# how many of u felons did body work



## Bazooka-Joe (Dec 31, 2010)

how many of you boys done auto body?


----------



## gazman (Apr 29, 2011)

My father has his own shop, and the opportunity for an apprenticeship was there. I was smart enough to stay away, but dumb enough to do this trade. Go figure.


----------



## Magic (Feb 20, 2014)

Worked in several body shops growing up. Didn't mind it too much. Days go by fast like finishing. Hated blowing my nose and seeing rainbows.


----------



## Bazooka-Joe (Dec 31, 2010)

Magic said:


> Worked in several body shops growing up. Didn't mind it too much. Days go by fast like finishing. Hated blowing my nose and seeing rainbows.


That's coz you like Base


----------



## Bazooka-Joe (Dec 31, 2010)

Twisted out some backyard beuties


----------



## VANMAN (Jan 14, 2011)

Yup!
Started out doing spray painting lorry's and fixing the dent etc up!
Loved the spraying part but the prep before was a killer!


----------



## MrWillys (Mar 10, 2014)

I'm not a felon, but am a self taught painter and body man.


----------



## VANMAN (Jan 14, 2011)

MrWillys said:


> I'm not a felon, but am a self taught painter and body man.

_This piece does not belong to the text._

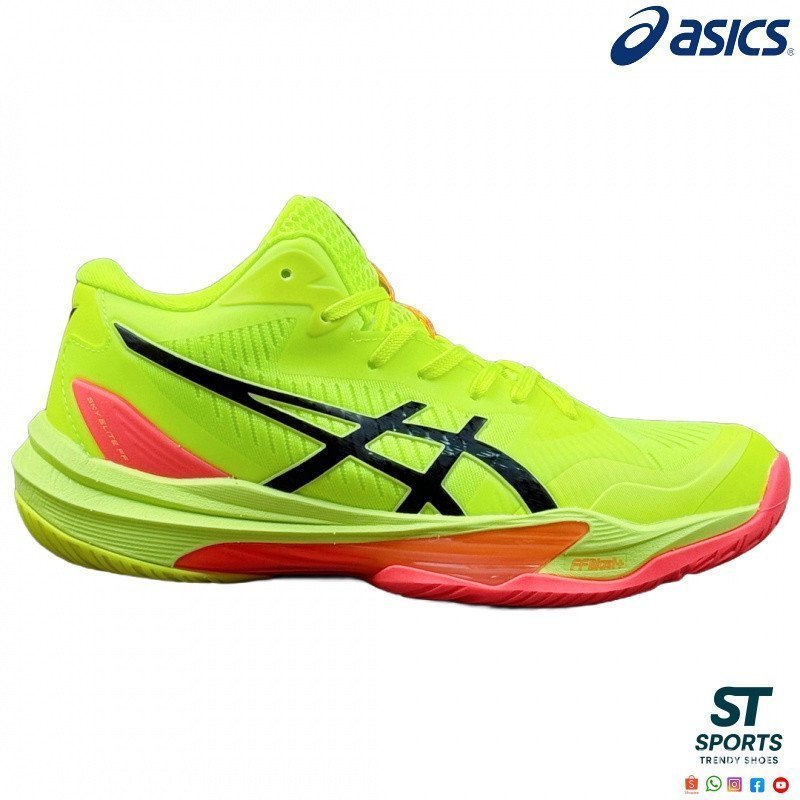2025 Court Control FF 3 Mens Indoor Court Shoes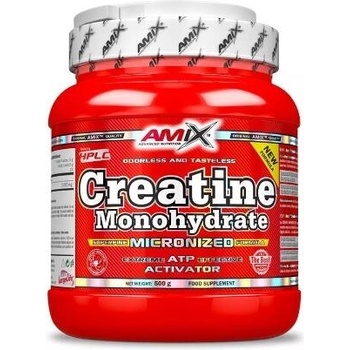 Image 1 of Amix Nutrition Creatine Monohydrate 300 g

I'm not a felon either but maybe should b behind bars!
But that's another story


----------



## Bazooka-Joe (Dec 31, 2010)

VANMAN said:


> Yup!
> Started out doing spray painting lorry's and fixing the dent etc up!
> Loved the spraying part but the prep before was a killer!


aint it, took me sometime to get my boat paint ready


----------



## thefinisher (Sep 2, 2011)

I have never done it but I feel like it would be pretty easy coming from finishing. Looking at buying a house and I would love to get something with a big garage out back to use as a shop. My street rod needs a fresh paint job for sure.


----------



## VANMAN (Jan 14, 2011)

thefinisher said:


> I have never done it but I feel like it would be pretty easy coming from finishing. Looking at buying a house and I would love to get something with a big garage out back to use as a shop. My street rod needs a fresh paint job for sure.


Have to say it's nothing like finishing drywall!
Maybe if u do level 5 with a spray gun then u could b up to the job:thumbsup: But then again its nothing like drywall!!
Would love to c ur street rod tho!:thumbup:
To be honest I don't even know what type of paint is used in the auto biz now! It was 2 pack or cellulose when I was doing it! I hear everything has went water based but not sure!


----------



## thefinisher (Sep 2, 2011)

VANMAN said:


> Have to say it's nothing like finishing drywall!
> Maybe if u do level 5 with a spray gun then u could b up to the job:thumbsup: But then again its nothing like drywall!!
> Would love to c ur street rod tho!:thumbup:
> To be honest I don't even know what type of paint is used in the auto biz now! It was 2 pack or cellulose when I was doing it! I hear everything has went water based but not sure!


I have sprayed a good bit of level 5 so I'm ok there lol. I was talking about the body work/bondo, etc. Should be very similar compared to finishing.


----------



## MrWillys (Mar 10, 2014)

thefinisher said:


> I have sprayed a good bit of level 5 so I'm ok there lol. I was talking about the body work/bondo, etc. Should be very similar compared to finishing.


 Yes, and no. Sanding Bondo is a whole lot harder and is typically sanded using a crosshatch pattern, so it is different. Also, the finish you attain with bodywork is a much higher standard than drywall.


----------



## thefinisher (Sep 2, 2011)

MrWillys said:


> Yes, and no. Sanding Bondo is a whole lot harder and is typically sanded using a crosshatch pattern, so it is different. Also, the finish you attain with bodywork is a much higher standard than drywall.


You wouldn't know that if you heard some of our builders . I know that I'm just saying that a finisher would have a leg up compared to someone just starting out in body work for sure.


----------



## Bazooka-Joe (Dec 31, 2010)

MrWillys said:


> Yes, and no. Sanding Bondo is a whole lot harder and is typically sanded using a crosshatch pattern, so it is different. Also, the finish you attain with bodywork is a much higher standard than drywall.



Actually Willys it is comparable, we use hot mud also, I dusted a few Cars blew only one, was sick


----------